Programda konuşan Boz, Türkiye’de geçen yıl 3 bin 480 eser iadesi alındığını bildirdi. Bu yıl henüz mart ayında olunmasına rağmen bu sayının bin 109’a ulaştığını ifade eden Boz, “Geçen yıl yapılan iadelerle zirve yaptık. Bu yıl ise henüz mart ayında olmamıza rağmen bin 109 eserimizi kültür varlıklarımıza kattık. Güzel bir başlangıç yaptık. Bu sene eserlerimiz bin 200’de bitse bile biz kendimizi daha az başarılı görmüyoruz. Bu sayılar kaçırılan eserlerin sayısı, karşı tarafında ne kadar harekete geçtiği ile alakalıdır” diye konuştu.

KAÇAKÇILIKTA CEZAİ YAPTIRIMLAR

Boz kültür varlıklarını korumanın sadece yurt dışına kaçırılan eserleri geri almakla değil, ülke içinde dolaşımda olan kültür varlıklarının korunması da olduğunu belirterek, “Kültür varlıklarının korunmasında her vatandaşımızın destek olması gerekiyor.
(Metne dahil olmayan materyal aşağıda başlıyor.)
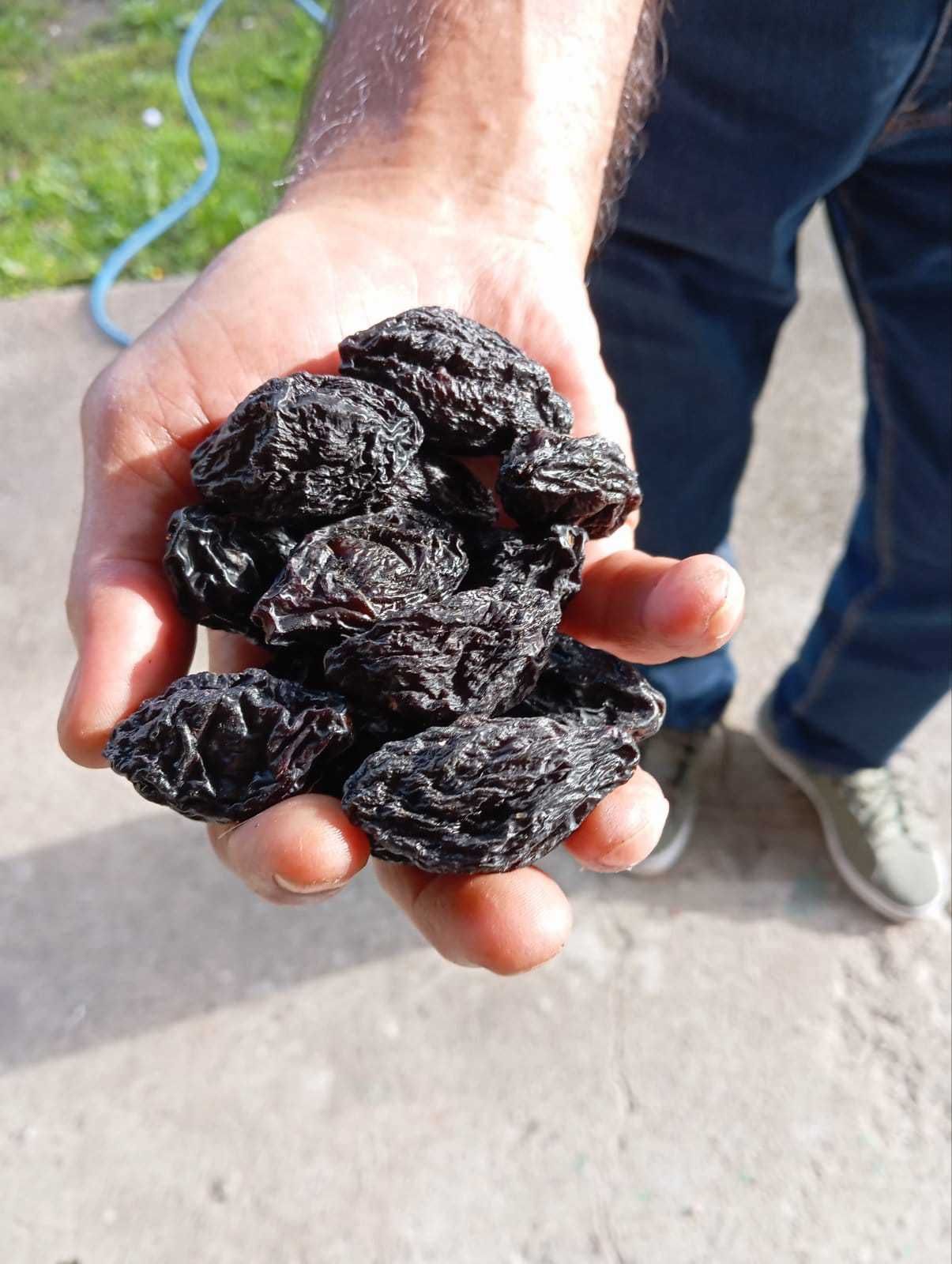 Prune uscate cu sâmburi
Ülkemiz topraklarında henüz keşfedilmemiş birçok kültür varlığı var. Kültür varlığının tespit edildiği süreçte varlığından haberdar edilmesi de büyük önem arz ediyor. Bakanlığımız bu kapsamda kültür varlığının kaçırılmasına göz yummayan, varlığından haberdar eden vatandaşlarımızı ödüllendiriyor. Bu elbette komisyon marifeti ile belirlenen bir miktar oluyor. Öte yandan bunu görüp haber vermezseniz ve bu tespit edilirse de hapis cezası alabilirsiniz. Çünkü kanunen haber verme zorunluluğunuz var eğer bunu uygulamazsanız  1 ila 3 yıla kadar, satarsanız 2 ila 5 yıla kadar hapis cezası alırsınız. Satmaya teşebbüs etmeden bile bildirimsiz kültür varlığı bulundurduğunuzda 2 ila 5 yılla cezalandırılırsınız” ifadelerini kullandı.

“DEVLETTEN ÇALIYORSUNUZ”

Bu durumu geçim kapısı olarak görülmemesi gerektiğine de dikkati çeken Boz, “Bu sahibi yok, kazıp çıkarayım ve satayım denecek bir alan değil. Kazdığınız anda kültür varlığı buluyorsunuz, bu halk arasından bilinen define değil bir arkeolojik bir eserdir. Bu nedenle o anda bilimi öldürüyorsunuz ve ufak miktarlarda kazanç elde ediyorsunuz. Kültürel miraslarla din, dil, ırk bağı kurmak zorunda değiliz. Ağaçlar, doğa nasıl ülkemizin zenginliği ise, bu eserlerde ülkemizin zenginliğidir. Bu yolla para kazanmaya çalışırken devletten çalıyorsunuz. Bir takım insanlar bunları yapabilmek için çeşitli ifadeler kullanıyor. Bu eserler bizden önceki medeniyetlere ait, bizim malımız değil diyorlar. Bu söylemlere maalesef inananlar da oluyor” dedi.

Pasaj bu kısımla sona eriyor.